Test Kitchen Tips for Any Breaded Meat Cutlet
Breaded cutlets promise a moist, tender interior and crunchy, crisp exterior. But to get there, you have to follow the rules.
Core Techniques
PROPER POUNDING
“Pounding” meat may be a too-aggressive term for what you’re really trying to do, which is flatten it—relatively gently—to a uniform thickness. This ensures that the meat cooks evenly. A meat pounder is your best tool option, though in a pinch a small saucepan or a rolling pin will do the trick. Start at the thick end and pound gently (don’t take your aggression out on it) until the cutlet is a consistent shape. Covering the meat with plastic wrap keeps it from sticking to your utensil and helps prevent splattering, too.
THREE-TIERED APPROACH
A classic bound-breading technique works with most cuts of meat. A very thin layer of flour creates a dry surface on the meat, which allows the egg to adhere evenly.
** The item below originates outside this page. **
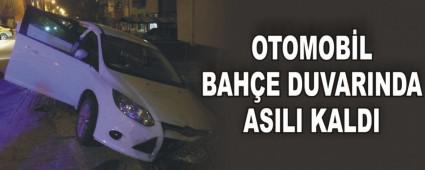 OTOMOB�L BAH�E DUVARINDA ASILI KALDI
The beaten egg, in turn, gives the bread crumbs something to stick to. This technique is the surest route to crisp, unsoggy breaded cutlets.
SHALLOW FRYING
Deep frying is a popular and reliable way to get a moist-on-the-inside, crisp-on-the-outside result for many foods. But shallow frying, which uses much less oil and can be done in a skillet, works for thin cuts like these because the meat doesn’t need to be fully submerged to cook through.